В ряде источников того времени указывалось, что традиционные государственные меры, направленные на ликвидацию разрыва в образовательных возможностях между высшими и низшими слоями, являются недостаточными, поскольку не меняют подготовку учителей и их подход к сложившейся педагогической ситуации [Barch, Janowski 1976; Перре-Клермон 1976; Rodax 1978 и др.]. Неудача попыток модифицировать условия обучения с целью предоставления учащимся из различных социальных слоев равных шансов обычно объяснялась невозможностью найти педагогическое решение проблем, возникающих одновременно в образовательном, психологическом и социальном планах.
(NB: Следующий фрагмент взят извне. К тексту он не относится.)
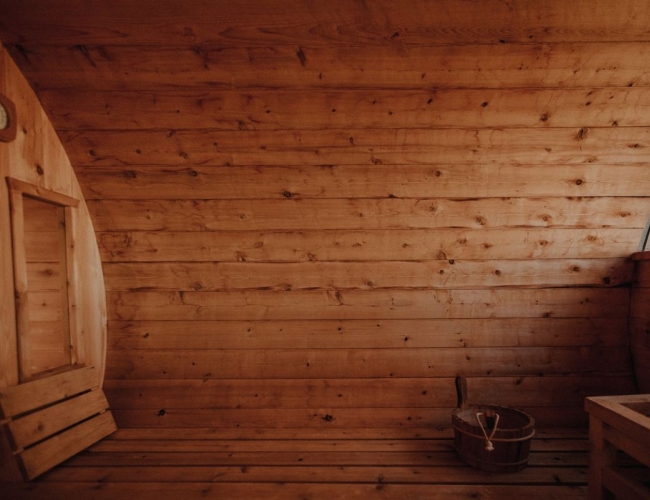 Inside of a wooden wet sauna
В связи с проблемой усиления социального неравенства в психологии традиционно актуальным остается вопрос о взаимосвязи между социальными процессами и механизмами мышления. Пионерскими работами в данном направлении являются «Мышление и речь» Л.С. Выготского, «Сознание, человеческое Я и общество» Дж. Г. Мида, «Моральные суждения ребенка» Ж. Пиаже. В этих трудах выдвинута гипотеза о ведущей роли социального взаимодействия в процессах структурирования мышления. Согласно культурно-исторической теории Л.С. Выготского, решающее значение в развитии ребенка имеет ситуация его взаимодействия со взрослым, в которой происходит передача образцов действия от взрослого к ребенку. Важным условием развития мышления в данном случае выступает построение и использование знаковых объектов и систем [Выготский 1991]. Дальнейшая разработка проблемы ученицей Ж. Пиаже и автором социально-психологической концепции интеллектуального развития А. -Н. Перре-Клермон показала, что существенное влияние на качество и результаты развития когнитивной сферы детей из различных социальных слоев оказывает социальное взаимодействие между ними.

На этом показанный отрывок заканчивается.